# Inverse matrix's eigenvalue?

It's from the book "linear algebra and its application" by gilbert strang, page 260.

$(I-A)^{-1}$=$I+A+A^{2}+A^{3}$+...

Nonnegative matrix A has the largest eigenvalue $\lambda_{1}$<1.

Then, the book says, $(I-A)^{-1}$ has the same eigenvector, with eigenvalue $\frac{1}{1-\lambda_{1}}$.

Why?
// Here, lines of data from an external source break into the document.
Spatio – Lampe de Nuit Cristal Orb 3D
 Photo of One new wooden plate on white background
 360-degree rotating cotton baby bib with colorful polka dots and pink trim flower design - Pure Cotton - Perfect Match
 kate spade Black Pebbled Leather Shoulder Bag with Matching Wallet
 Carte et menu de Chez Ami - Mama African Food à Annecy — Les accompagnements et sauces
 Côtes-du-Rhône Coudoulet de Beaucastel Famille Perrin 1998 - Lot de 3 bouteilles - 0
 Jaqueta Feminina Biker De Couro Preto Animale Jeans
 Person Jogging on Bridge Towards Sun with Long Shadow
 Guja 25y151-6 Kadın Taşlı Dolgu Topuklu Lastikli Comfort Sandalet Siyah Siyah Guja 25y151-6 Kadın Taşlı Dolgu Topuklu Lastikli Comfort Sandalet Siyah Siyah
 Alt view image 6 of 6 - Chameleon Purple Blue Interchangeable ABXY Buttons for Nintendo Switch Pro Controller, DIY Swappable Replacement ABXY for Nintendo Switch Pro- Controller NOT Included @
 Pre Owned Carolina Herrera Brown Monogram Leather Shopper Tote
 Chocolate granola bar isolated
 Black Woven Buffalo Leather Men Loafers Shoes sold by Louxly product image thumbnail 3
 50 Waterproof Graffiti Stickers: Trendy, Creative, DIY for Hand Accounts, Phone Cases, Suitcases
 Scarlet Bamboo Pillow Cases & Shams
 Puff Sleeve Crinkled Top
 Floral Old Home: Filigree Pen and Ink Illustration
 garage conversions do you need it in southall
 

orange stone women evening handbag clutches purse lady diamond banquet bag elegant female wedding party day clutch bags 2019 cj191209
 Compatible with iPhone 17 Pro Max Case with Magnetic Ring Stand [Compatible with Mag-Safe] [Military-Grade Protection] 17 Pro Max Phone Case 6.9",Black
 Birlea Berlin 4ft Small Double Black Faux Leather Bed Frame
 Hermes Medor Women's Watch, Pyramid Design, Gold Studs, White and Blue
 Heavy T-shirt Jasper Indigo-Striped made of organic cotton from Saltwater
Is there any other formulas between inverse matrix and eigenvalue that I don't know?

A matrix $A$ has an eigenvalue $\lambda$ if and only if $A^{-1}$ has eigenvalue $\lambda^{-1}$. To see this, note that $$A\mathbf{v} = \lambda\mathbf{v} \implies A^{-1}A\mathbf{v} = \lambda A^{-1}\mathbf{v}\implies A^{-1}\mathbf{v} = \frac{1}{\lambda}\mathbf{v}$$

If your matrix $A$ has eigenvalue $\lambda$, then $I-A$ has eigenvalue $1 - \lambda$ and therefore $(I-A)^{-1}$ has eigenvalue $\frac{1}{1-\lambda}$.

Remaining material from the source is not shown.